▶ [Task to complete]: Every record below, from first to last, should be copied exactly; leave the pictures out.

▶ [Supplied records]:
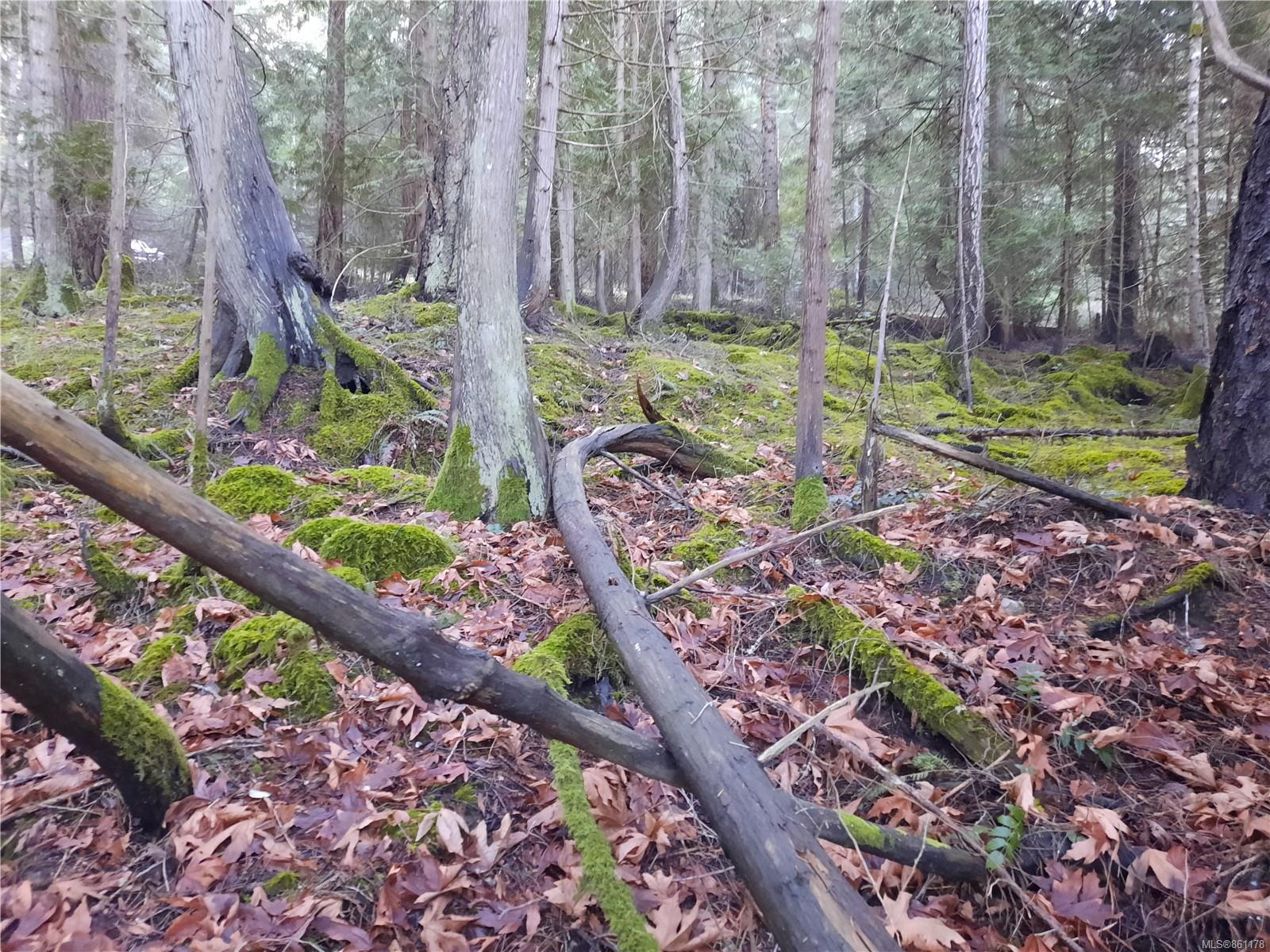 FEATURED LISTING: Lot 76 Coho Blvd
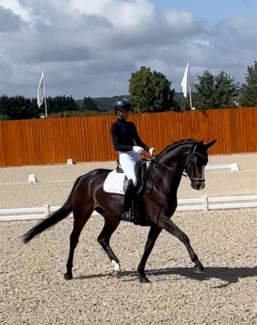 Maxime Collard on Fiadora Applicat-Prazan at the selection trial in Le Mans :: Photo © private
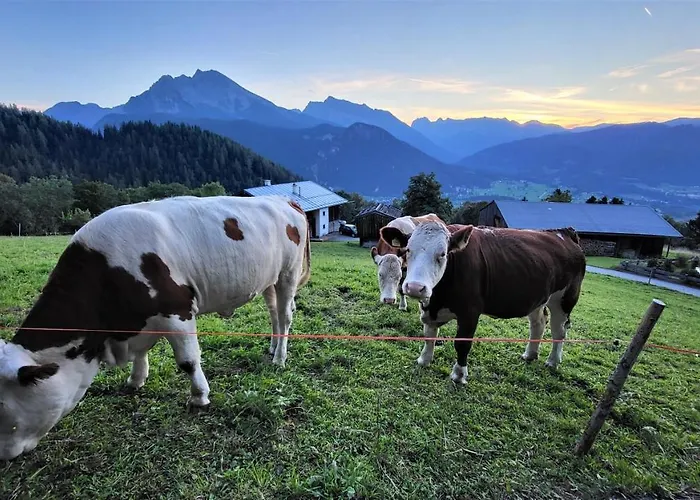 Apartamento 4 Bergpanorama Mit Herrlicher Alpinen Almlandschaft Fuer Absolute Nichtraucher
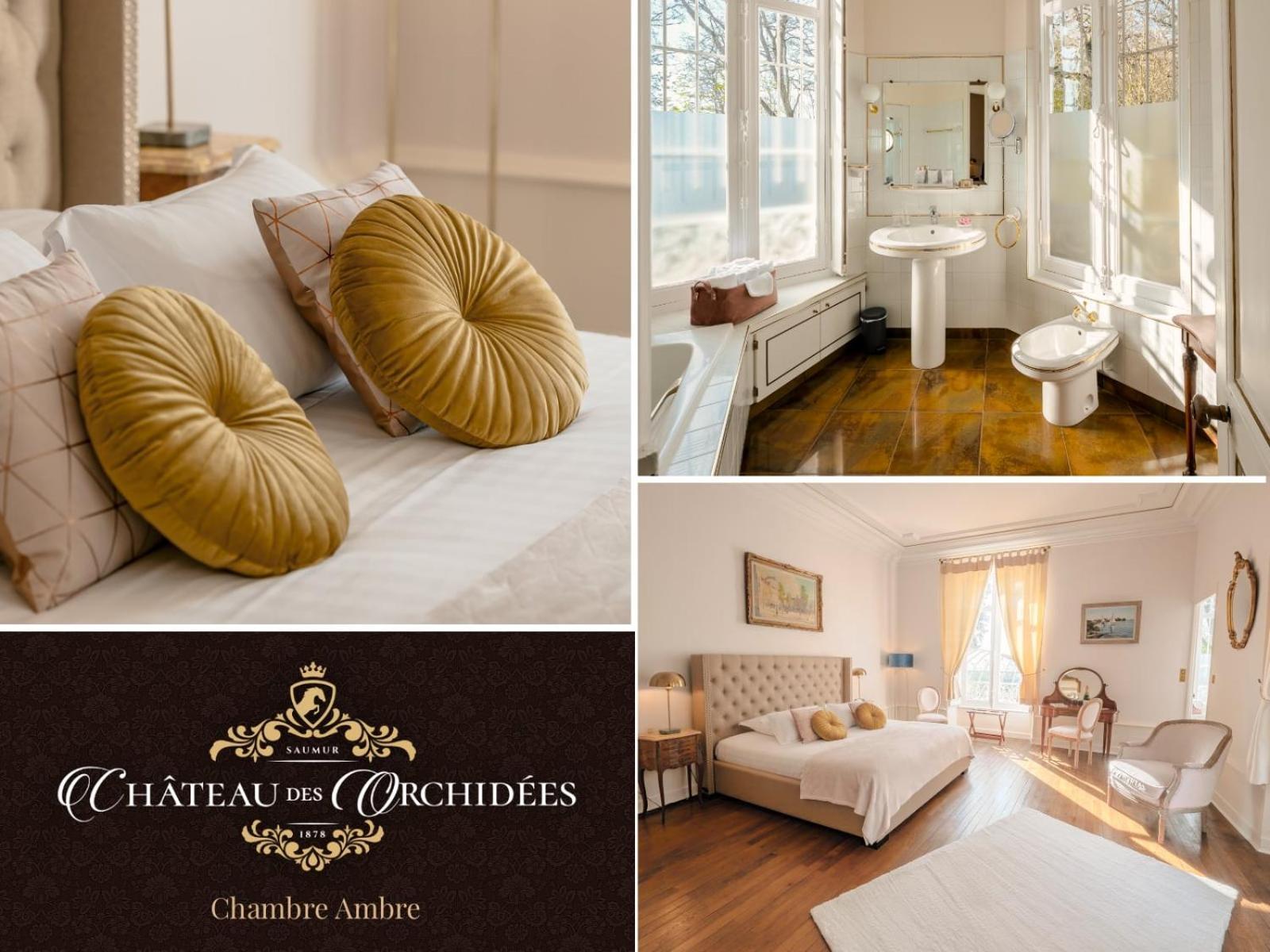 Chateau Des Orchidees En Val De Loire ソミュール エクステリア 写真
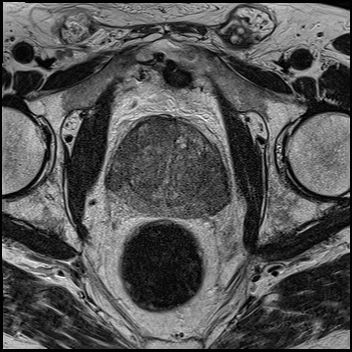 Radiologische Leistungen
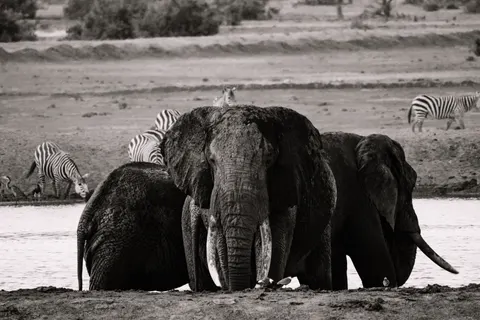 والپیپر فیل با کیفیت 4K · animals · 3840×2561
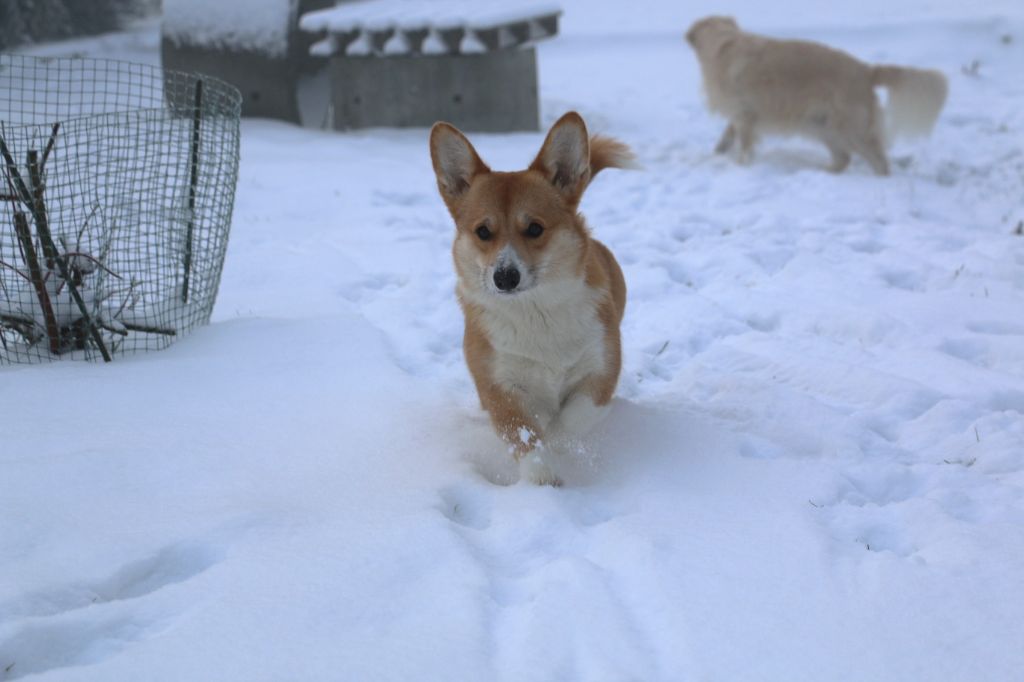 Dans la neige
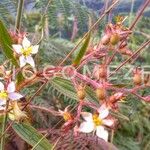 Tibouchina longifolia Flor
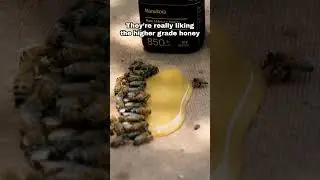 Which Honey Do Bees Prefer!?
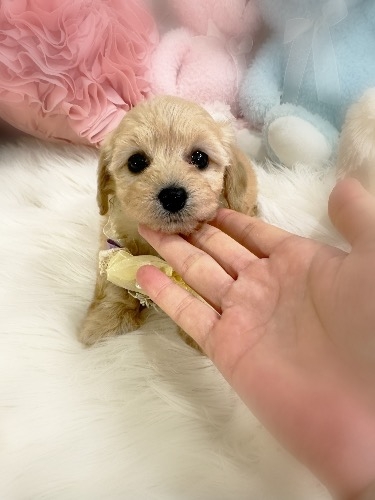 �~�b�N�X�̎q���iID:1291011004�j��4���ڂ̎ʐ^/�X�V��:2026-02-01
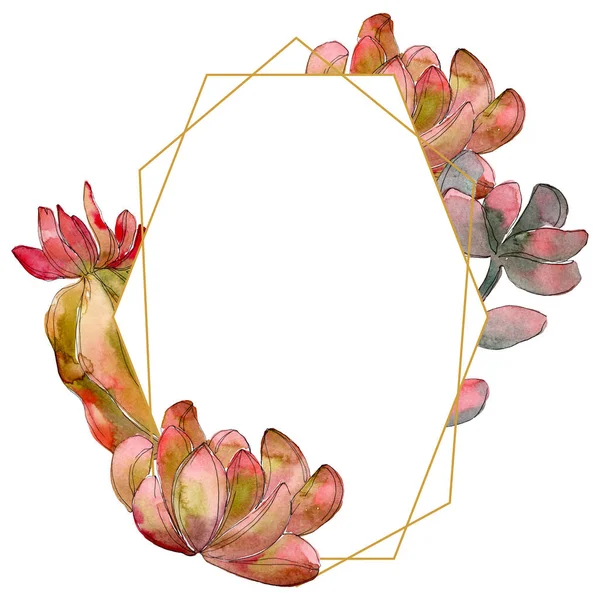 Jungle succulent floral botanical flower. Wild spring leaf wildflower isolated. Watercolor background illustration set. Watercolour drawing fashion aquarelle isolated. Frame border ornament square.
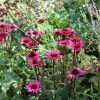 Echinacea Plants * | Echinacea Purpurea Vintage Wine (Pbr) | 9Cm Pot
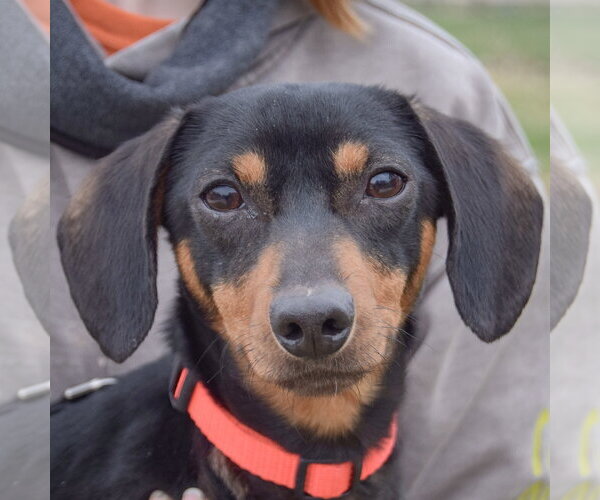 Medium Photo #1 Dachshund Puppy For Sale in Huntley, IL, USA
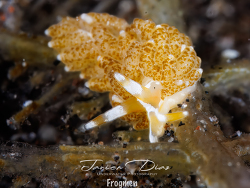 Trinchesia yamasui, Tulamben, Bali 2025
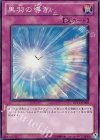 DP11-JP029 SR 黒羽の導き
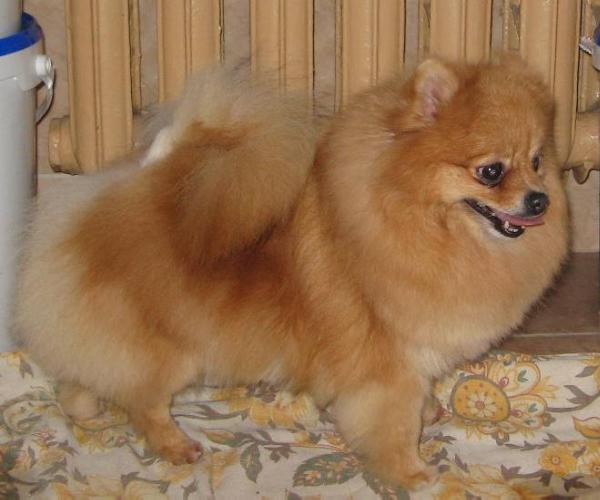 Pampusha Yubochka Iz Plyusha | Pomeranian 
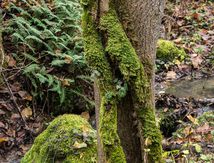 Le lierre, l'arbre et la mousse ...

▶ [Answer to this task]:
 FEATURED LISTING: Lot 76 Coho Blvd
 Maxime Collard on Fiadora Applicat-Prazan at the selection trial in Le Mans :: Photo © private
 Apartamento 4 Bergpanorama Mit Herrlicher Alpinen Almlandschaft Fuer Absolute Nichtraucher
 Chateau Des Orchidees En Val De Loire ソミュール エクステリア 写真
 Radiologische Leistungen
 والپیپر فیل با کیفیت 4K · animals · 3840×2561
 Dans la neige
 Tibouchina longifolia Flor
 Which Honey Do Bees Prefer!?
 �~�b�N�X�̎q���iID:1291011004�j��4���ڂ̎ʐ^/�X�V��:2026-02-01
 Jungle succulent floral botanical flower. Wild spring leaf wildflower isolated. Watercolor background illustration set. Watercolour drawing fashion aquarelle isolated. Frame border ornament square.
 Echinacea Plants * | Echinacea Purpurea Vintage Wine (Pbr) | 9Cm Pot
 Medium Photo #1 Dachshund Puppy For Sale in Huntley, IL, USA
 Trinchesia yamasui, Tulamben, Bali 2025
 DP11-JP029 SR 黒羽の導き
 Pampusha Yubochka Iz Plyusha | Pomeranian 
 Le lierre, l'arbre et la mousse ...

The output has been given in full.